Мясник вломился в гущу со скрипучим ревом. Обсидиановая передняя уперлась в породу, зазубренные рога поддевали вязнущих под шляпку и выкидывали на сухое. Слизь добычу не отдавала: она тянулась за телами жгутами, похожими на натянутые сухожилия, и жгуты лопались с влажным треском.

С теми, кто сел глубоко, выбор был короткий. Тянуть целиком — это несколько попыток и время, которого не было: пока рогатый возится с одним, рядом опускаются трое. Рвать надвое — одна попытка. Верх с ядром в шляпке стоит дороже низа с ногами, а ходить оно потом будет на чужих ногах, бесхозных у меня теперь хватало.

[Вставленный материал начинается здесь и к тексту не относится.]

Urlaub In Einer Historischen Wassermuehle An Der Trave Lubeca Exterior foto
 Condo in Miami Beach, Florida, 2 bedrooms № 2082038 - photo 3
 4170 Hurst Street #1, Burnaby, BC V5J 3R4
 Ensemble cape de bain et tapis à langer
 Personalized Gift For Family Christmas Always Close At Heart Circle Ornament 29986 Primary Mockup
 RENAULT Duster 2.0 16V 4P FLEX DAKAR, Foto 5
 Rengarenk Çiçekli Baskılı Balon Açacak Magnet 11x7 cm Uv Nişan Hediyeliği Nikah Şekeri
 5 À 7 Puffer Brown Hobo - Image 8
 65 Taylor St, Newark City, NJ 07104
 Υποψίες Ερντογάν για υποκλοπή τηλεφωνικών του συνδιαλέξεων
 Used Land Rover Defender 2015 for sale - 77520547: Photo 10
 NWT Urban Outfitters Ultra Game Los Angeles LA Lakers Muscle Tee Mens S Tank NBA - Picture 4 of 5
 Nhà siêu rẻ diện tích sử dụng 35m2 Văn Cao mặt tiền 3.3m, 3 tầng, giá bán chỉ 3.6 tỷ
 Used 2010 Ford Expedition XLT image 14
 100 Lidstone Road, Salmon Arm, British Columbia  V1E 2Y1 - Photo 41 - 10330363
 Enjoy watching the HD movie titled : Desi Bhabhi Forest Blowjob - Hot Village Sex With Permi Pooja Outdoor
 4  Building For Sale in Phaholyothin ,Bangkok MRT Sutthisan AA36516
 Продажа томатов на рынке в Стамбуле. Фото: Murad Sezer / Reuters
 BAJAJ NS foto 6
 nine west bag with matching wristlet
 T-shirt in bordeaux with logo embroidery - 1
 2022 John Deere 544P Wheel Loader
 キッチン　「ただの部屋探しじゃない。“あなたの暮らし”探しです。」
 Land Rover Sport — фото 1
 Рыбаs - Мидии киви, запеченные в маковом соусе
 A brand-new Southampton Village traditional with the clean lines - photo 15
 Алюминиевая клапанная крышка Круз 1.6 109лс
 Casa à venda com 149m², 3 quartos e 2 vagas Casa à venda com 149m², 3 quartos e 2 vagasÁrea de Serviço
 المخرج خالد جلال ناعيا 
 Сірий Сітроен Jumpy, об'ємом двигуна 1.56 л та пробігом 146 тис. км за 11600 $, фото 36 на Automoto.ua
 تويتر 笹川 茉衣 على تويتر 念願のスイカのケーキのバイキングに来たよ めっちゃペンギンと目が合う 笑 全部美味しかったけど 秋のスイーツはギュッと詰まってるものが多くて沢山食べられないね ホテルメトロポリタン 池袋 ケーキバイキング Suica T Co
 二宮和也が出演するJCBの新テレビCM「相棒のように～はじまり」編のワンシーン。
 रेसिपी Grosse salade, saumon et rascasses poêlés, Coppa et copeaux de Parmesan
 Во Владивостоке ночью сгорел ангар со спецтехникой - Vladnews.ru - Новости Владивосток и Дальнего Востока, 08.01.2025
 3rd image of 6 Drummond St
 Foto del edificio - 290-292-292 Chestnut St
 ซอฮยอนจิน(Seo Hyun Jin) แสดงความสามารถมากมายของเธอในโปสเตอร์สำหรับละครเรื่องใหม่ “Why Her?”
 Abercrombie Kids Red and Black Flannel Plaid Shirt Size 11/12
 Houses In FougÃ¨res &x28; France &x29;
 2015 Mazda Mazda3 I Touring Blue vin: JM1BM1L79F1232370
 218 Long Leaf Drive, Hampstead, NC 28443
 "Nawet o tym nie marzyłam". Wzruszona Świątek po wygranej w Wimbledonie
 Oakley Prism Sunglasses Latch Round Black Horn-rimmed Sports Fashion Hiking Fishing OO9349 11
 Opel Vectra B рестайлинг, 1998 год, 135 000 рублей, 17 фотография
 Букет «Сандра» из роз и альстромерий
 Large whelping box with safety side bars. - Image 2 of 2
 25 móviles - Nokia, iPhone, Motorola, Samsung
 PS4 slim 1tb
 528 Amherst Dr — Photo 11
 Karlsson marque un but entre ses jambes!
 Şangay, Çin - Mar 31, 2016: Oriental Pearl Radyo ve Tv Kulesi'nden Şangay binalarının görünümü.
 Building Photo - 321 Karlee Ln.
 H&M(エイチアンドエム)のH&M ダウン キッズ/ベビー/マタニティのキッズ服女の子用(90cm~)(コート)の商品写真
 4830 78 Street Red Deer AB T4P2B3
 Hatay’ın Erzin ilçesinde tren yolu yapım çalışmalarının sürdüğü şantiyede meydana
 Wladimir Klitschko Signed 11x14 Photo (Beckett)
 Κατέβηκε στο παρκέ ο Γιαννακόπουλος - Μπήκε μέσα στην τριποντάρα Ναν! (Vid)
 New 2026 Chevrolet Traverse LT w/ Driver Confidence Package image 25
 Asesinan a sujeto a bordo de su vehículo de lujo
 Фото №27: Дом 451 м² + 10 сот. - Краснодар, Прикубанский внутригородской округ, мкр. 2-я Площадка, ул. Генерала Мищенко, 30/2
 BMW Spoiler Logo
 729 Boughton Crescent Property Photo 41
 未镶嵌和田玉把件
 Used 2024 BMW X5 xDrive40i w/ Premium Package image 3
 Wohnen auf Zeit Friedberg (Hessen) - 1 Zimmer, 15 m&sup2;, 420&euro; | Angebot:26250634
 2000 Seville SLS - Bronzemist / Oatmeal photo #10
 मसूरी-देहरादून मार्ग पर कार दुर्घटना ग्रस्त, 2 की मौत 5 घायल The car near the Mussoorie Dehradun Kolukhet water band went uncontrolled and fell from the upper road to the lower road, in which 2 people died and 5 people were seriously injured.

— Верх, — показал я посохом. — Только верх.

Мясник рвал. К концу у меня прибавилось шесть десятков половинок, которых предстояло собирать заново из запчастей, и ни одного лишнего утопленника. Мертвецы падали на твердое кулями. Кто-то терял иссохшие руки, у кого-то раскалывалась шляпка. Меня это больше не занимало.

— За шкирку их и на сушу, — я похлопал буйвола по боку, и рука ушла в липкое по локоть. — Молодец, рогатый.

— Полководец снова в силе, — заметил Спорыш. Свечение у него выровнялось до тусклого голубого, до наглого синего еще не дотянуло. — Хозяин, а те сто девятнадцать…

— Заткнись, пупырышек.

Он и заткнулся. Гифы из моей шеи при этом не вынул, а я не стал просить.

БУМ-БУМ. БУМ-БУМ.

Стук шел громче. Хозяин Ямы получил свою пошлину и даже не поднялся за ней с места. Я выстроил своих грибных легионеров заново — потрепанных, укороченных, перемазанных черным.

— Вперед, — скомандовал я хрипло. — Идем по наводке пернатой, где твердо. И если кто-нибудь еще увидит гриб с протянутой рукой — рубите, не докладывая.

Пошлину я на сегодня уже внес. Сто девятнадцать. Сдачи не дали.